My Lords, in moving Amendment 18P I will speak to the rest of the amendments in this group. The points I want to make are simple, but I look forward to the reply I shall receive to these simple ideas.
The group essentially refers to Clauses 19 and 20. Clause 19 addresses the issue of the contract profit rate and, essentially, the amendments would require that the rates must be set by regulation each year. Amendments 23A and 23E turn this into an affirmative-procedure process.
More interesting is Clause 20, “Allowable costs”. As the report of the noble Lord, Lord Currie, points out, we have over the years had a lot of debate, effort and negotiation into the contract profit rate which, typically, is 10%—pedantically, it is 9%—of the total price; and too little, one might argue with the benefit of hindsight, into the issue of allowable costs, which represent 90% to 91% of the total price. Therefore, Clause 20 properly addresses this issue.
Subsection (1) states:
“The SSRO must issue guidance about determining whether costs are allowable costs under qualifying defence contracts”.

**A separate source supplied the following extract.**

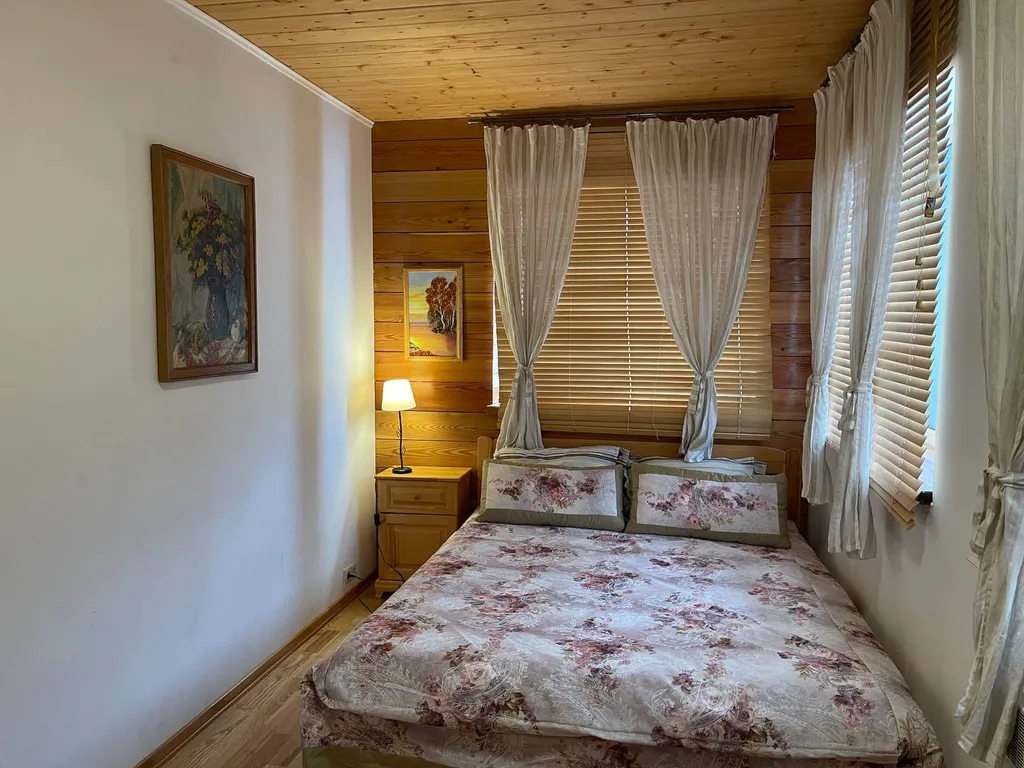 Уютный загородный дом с баней и бассейном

Subsection (2) attempts to define allowable costs. It is important to emphasise that these are the big bucks. This is where the big money is in the contract. This is 90% or more of the total price. The guidance we get from the primary legislation is that they must be appropriate, attributable to the contract and reasonable in the circumstances. Much as I praise this part of the Bill—and I do as it is a really good attempt to address this extremely difficult issue—I cannot but be amused by these three descriptors of one of the most important elements. I remember that when I was privileged to be in the noble Baroness’s position, whenever an official used the word “appropriate” in my response, it meant we did not have an argument, so I dismiss subsection (2)(a) as pretty well irrelevant. I do not have a lot of time for paragraph (b) either, because if it is not “attributable to the contract”, who would in all conscience try to argue that it should be there? We are left with “reasonable”. Much as I applaud the concept of being reasonable, it is not a very full description. Therefore, inevitably, and quite properly—I am not unhappy about this—it will have to be left to the SSRO to develop guidance about it. However, surely this is so important that it should not be merely guidance but should be in regulations. Regulations of this importance should be exposed to public gaze and debate and should be accountable to Parliament through the affirmative procedure. I beg to move.